Hoping the picture is showing up, but I got two young rat men! This is first round of intros!


----------



## Finnebon (Jul 15, 2013)

How are intros going? Everyone is so handsome! The furry boys have very pretty colors and the hairless boy is such a cutie! (he looks like my hairless girl, all pink!) It was so kind of you to rescue that little pink boy and to try to give him a great new life with some new family members. I hope the intros go really well! If things are a bit rocky now though, I've found that doing intros in the tub with just a little bit of warm water filled enough to get their feet wet works well. It freaks them out enough to not fight, but they still wander around and sniff each other. They also kind of bond in the freaked-out-ness faster and will cuddle or groom. I've heard carrier intros can work out great for most people too as long as there isn't fighting already happening.

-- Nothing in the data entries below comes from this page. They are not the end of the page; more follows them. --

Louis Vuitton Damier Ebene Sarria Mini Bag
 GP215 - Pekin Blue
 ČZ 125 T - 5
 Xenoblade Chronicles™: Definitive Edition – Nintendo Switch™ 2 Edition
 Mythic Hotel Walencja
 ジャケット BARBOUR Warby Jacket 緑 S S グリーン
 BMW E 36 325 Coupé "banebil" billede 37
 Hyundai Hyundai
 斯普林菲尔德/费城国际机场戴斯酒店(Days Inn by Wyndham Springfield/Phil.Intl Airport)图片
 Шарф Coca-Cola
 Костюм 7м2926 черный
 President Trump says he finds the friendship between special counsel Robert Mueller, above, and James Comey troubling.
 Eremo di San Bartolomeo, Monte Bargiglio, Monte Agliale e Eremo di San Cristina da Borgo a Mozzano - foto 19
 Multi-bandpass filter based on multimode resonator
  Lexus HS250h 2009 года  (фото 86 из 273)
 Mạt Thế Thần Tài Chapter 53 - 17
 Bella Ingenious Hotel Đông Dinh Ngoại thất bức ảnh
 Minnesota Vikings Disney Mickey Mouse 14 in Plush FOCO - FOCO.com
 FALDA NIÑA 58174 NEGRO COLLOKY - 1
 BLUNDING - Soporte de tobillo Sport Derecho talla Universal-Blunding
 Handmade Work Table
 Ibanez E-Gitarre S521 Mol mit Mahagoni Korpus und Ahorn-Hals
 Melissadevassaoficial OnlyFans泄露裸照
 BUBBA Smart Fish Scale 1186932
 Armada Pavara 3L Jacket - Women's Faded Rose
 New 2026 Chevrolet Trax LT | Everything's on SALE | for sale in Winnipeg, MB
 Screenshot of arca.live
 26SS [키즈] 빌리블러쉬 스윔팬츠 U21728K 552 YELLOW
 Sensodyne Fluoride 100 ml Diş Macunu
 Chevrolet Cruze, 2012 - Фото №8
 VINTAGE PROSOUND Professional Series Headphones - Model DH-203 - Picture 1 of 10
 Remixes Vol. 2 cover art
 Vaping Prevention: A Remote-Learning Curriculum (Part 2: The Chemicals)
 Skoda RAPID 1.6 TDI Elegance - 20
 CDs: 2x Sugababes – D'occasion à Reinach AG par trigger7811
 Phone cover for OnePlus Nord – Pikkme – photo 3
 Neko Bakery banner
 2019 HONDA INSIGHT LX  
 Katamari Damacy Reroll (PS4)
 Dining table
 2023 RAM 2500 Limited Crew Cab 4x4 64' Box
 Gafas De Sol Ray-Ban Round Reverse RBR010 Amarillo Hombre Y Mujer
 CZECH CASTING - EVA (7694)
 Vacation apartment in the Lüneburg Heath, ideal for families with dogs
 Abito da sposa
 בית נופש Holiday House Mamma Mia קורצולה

Post lots of pics for us if you can!


----------



## Riana (Apr 22, 2015)

Thanks Finnebon! I've done one round of intros so far.. Kind of really nervous about pushing things. Also, because of the lack of hair on my boy I'm worried he might get scratched if anyone goes after him


----------



## Finnebon (Jul 15, 2013)

He will get scratched, all the time. My hairless girl gets scratches frequently, and sometime shallow bites when there are arguments in the family. It looks way worse than it is usually, and they tend to heal very quickly. Usually its just from the occasional argument, no one ever has real fights or really draws blood. So don't be too freaked out if you notice scratches on you boy later on after they're bonded lol. Its just easier to see on hairless ratties. Good luck with future intro sessions!


----------



## Riana (Apr 22, 2015)

That's good to hear. I totally freaked about it. Lol! I'll be sewing hammocks all day today then spending the evening trying to into them again. Hope all goes well!


----------